Is Your Action Planning As Effective As It Could Be?

I often need to persuade clients that the ‘future-focused’ element of a learning initiative (call it action planning, visioning, learning transfer etc etc) can be, indeed should be, delivered in exactly the same way as the ‘developmental’ elements. There seems to be a strong desire to isolate the action planning phase from the learning acquisition phase by applying a different set of pedagogical principles. At best this is confusing and unnecessary, at worst it impedes effective learning transfer, and in this blog I’m going to suggest why.

Let me offer an example from just last week. My colleague Ann Alder and I were working with a long-standing client from the education sector, helping them to extend the well tried and tested learning framework they used in their organisation so that it better supported coaching approaches. We’d used a range of learning tools and groupwork structures to develop their thinking, filtering potential approaches and building agreement on which ones should be taken forward. At this point Ann introduced our most successful planning tools, Voyage Mapping™ with the intention of using it as a hands-on and visual way of developing their action plan. What Ann and I anticipated was that we would take a couple of hours to draw on the Voyage Mapping board a representation of the route to implementation for their agreed plans - a representation that could be captured in words and circulated around the organisation.

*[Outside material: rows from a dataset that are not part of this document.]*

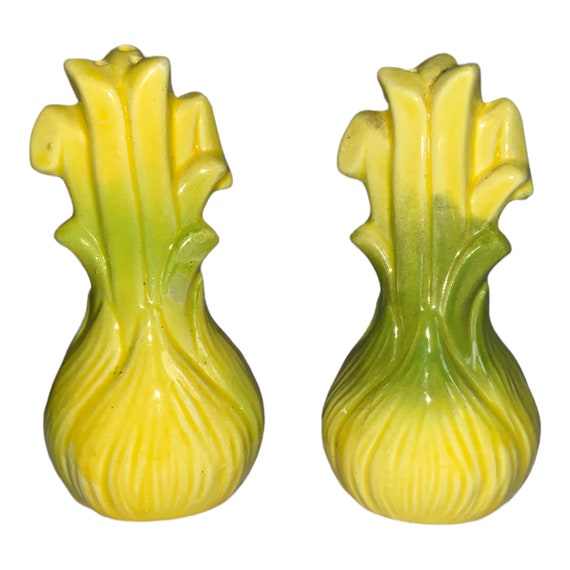 Vintage Salt Pepper Shaker Shakers Yellow Flower Onion Bulb Bulbs Figural Kitchen Mid Century Kitsch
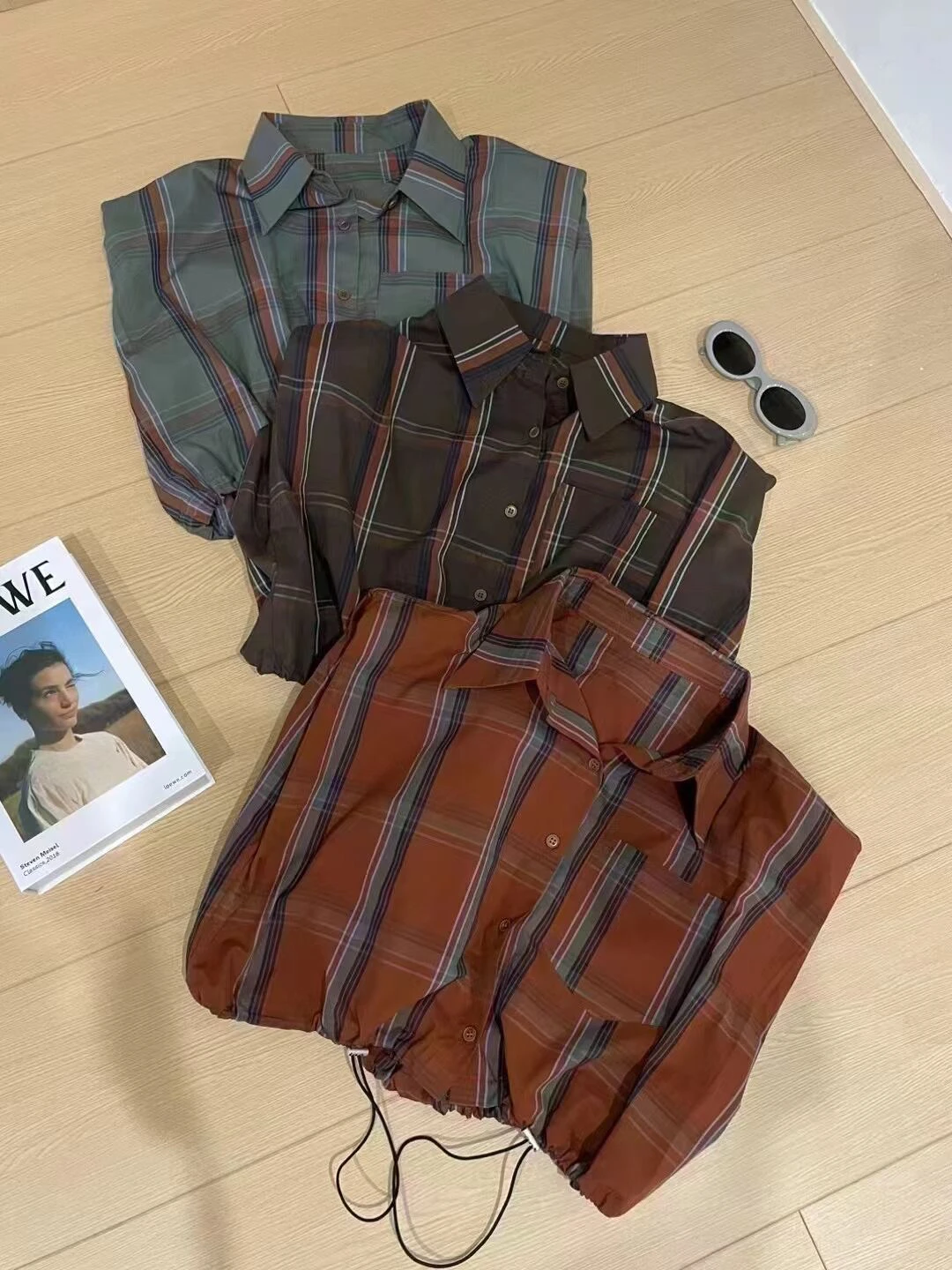 

Новинка 2024, женский топ без рукавов, полосатая верхняя одежда, модная универсальная утягивающая корейская свободная посадка irt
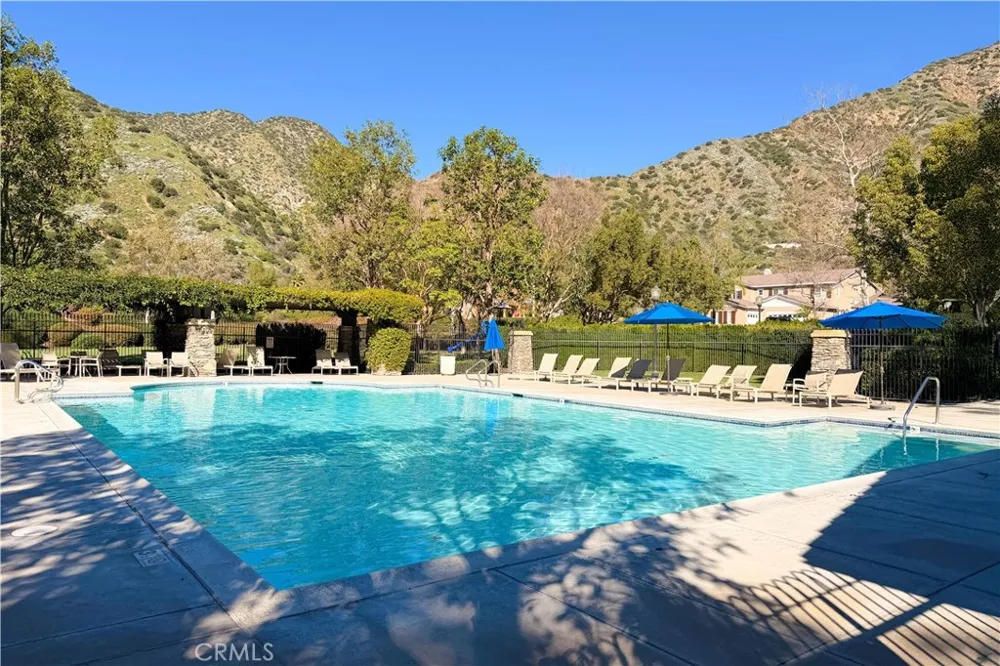 17 Turning Leaf Way Azusa, CA 91702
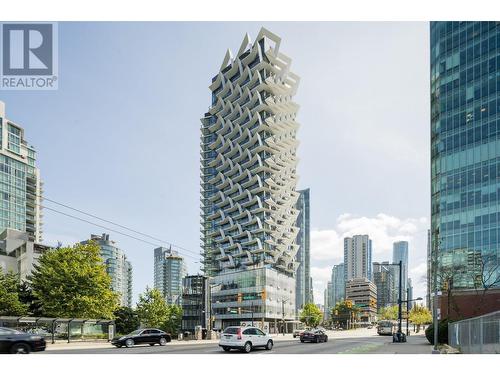 1003 620 Cardero Street, Vancouver, BC - Outdoor With Facade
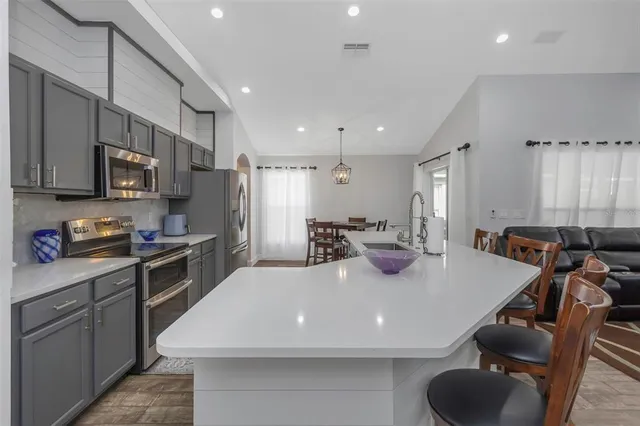 $620,000 | 18836 Maisons Drive, Lutz, FL 33558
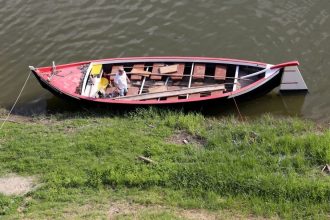 Florence Sunset Boat Tour on the Arno with Aperitivo | Small Group
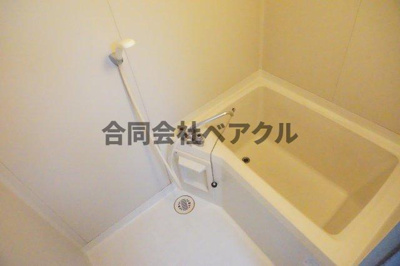 【浴室】 | ミニヨンハウス勧修 | きれいなお風呂です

Now one of the principles that underpin experiential learning is this:

 your debrief relates to what actually happens, you do not debrief what you intended to happen.

To clarify - if the session is wildly different from what you envisaged it was going to be, you as the facilitator need to trust that there is learning available in what actually happened that will support the stated learning outcomes for the session. You may need to think on your feet, you will almost certainly have to revise the questions you were going to use in your debrief, it may discomfort you and make you work hard, but you have to trust the process you’ve initiated.

After two hours around the Voyage Mapping board we didn’t have a route plan, we didn’t have anything that resembled ‘first steps’ or ‘milestone review points’. What we had was a lot of notes from multiple team members, ideas, suggestions, criticisms, tangents and oblique references with nobody recalling their meaning. It was a mess, and the team had followed no discernable process that could be debriefed. But we did debrief - we debriefed what had happened - and the team gained some powerful insights about themselves from the questions we posed. It became clear that whilst there was consensus on what they needed to do there was still work to do on how to do it. This was only revealed because we’d not moved away from good experiential learning practice despite this being a session that was exploring matters that were yet to happen, rather than the more customary retrospective reviews.

Our next step (again good experiential learning practice) was to recognise that we weren’t going to progress this issue by working collectively, we needed individual representations from each team member so that a range of possibilities could be defined, presented and considered. We moved away from the large Voyage Mapping board version with everybody pooling their thoughts, and gave each person a smaller Individual Voyage Mapping version and asked them to design their own take on an implementation process. On completion these were shared by each team member in turn, and from them they collectively manufactured a solution that everybody could get behind.

What I hope that this example shows is that action planning is an integral part of the experiential process, it should be delivered without reverting to more didactic, less immersive methods. Tools like Voyage Mapping support this approach but it needs the facilitator to believe that the result is going to be just as, if not more, effective than a more conventional action planning process. 

In summary what this needs from the facilitator is:

  • Know what outcome you’re looking for (clear learning objectives).
  • Be prepared to be flexible about the methods and tools you use.
  • Use a mix of team-focused and individually-focused approaches.

and, above all,

  • Work with what’s happening in the room, not what you anticipated would happen.